Vanessa is unhindered by failure, always continuing the discovery of things previously unseen, revealing work that is fresh, unlaboured and penetrating. The deceptive everyday nature of her subject matter belies hidden depths of relationship, feeling and emotion. One could describe her process as absence of thought, a freedom of construct, not unlike the stream of consciousness associated with authors such as Hemmingway and Thomas Wolfe.
If light and shade were students, she would be their master. This skill, combined with a naturally deft hand and a determined use of perspective, imbue her subjects with gravitas. The artist refers to set design elements that often alter and morph as her piece progresses. She has said she feels grounded from her ability to draw from the benign surrounds of familiar life, infusing these images with a meaning that yields a meditative satisfaction.

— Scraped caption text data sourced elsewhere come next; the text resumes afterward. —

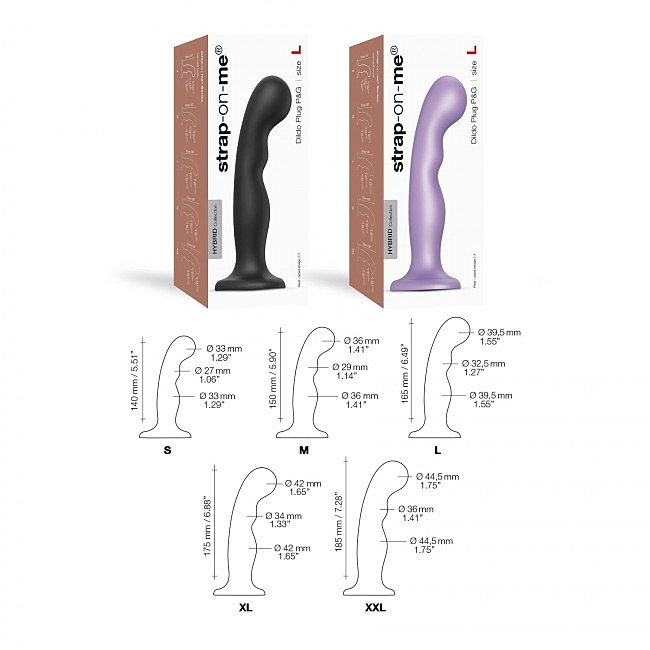    Strap-On-Me Dildo Plug P&G, size L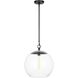C&M by Chapman & Myers Atlantic 1 Light 16 inch Aged Iron Pendant Ceiling Light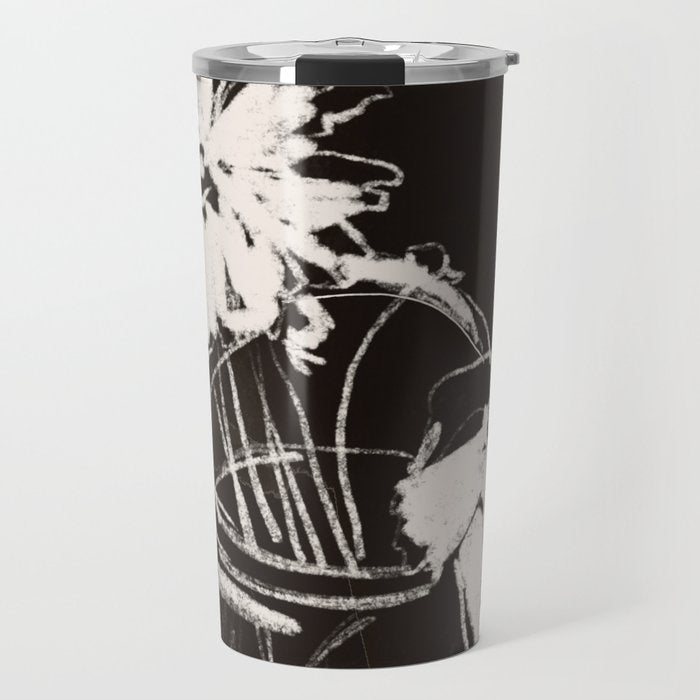 Flowers in The Vase 3 Travel Mug Gallery Image 1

Stockard’s oeuvre features many pieces developed without any direct visual reference but rather from memory, often incorporating domestic pets such as cats and dogs. Juxtaposing the anthropomorphic nature these animals are given by our society, she infuses the personification of virtue and vice into the everyday canine and feline status quo of our pets. Cats with their fluffy comical exteriors glint with an instinctive urge to kill and cruelly torment their prey, dogs with their providence of happiness, loyalty and friendship are flung back onto Churchill’s menacing metaphor for depression.
The Kafkaesque mindset behind such works is reminiscent of the existentialist authors like Sartre and Camus. Absurdism appears with cake imagery and its relation to a childlike nostalgia for happiness which may never be real, but rather imaginary, unattainable and unachievable. It’s been said “pain is inexhaustible, it’s only people who get exhausted…”
One can never “have it all”, to be both the artist and patron. To intrinsically understand those things around us that others overlook is what we want from our artists, our creatives. They give voice to the profound mystery of the world around us, surrounded as we are with consumerism, pointless greed, deceit and dissatisfaction. There’s no pretension here in these paintings, just spontaneous insight and beauty. Some art is said to speak volumes, but these works are more like innocent and delicate poems, whispering untold truths with an economy of words.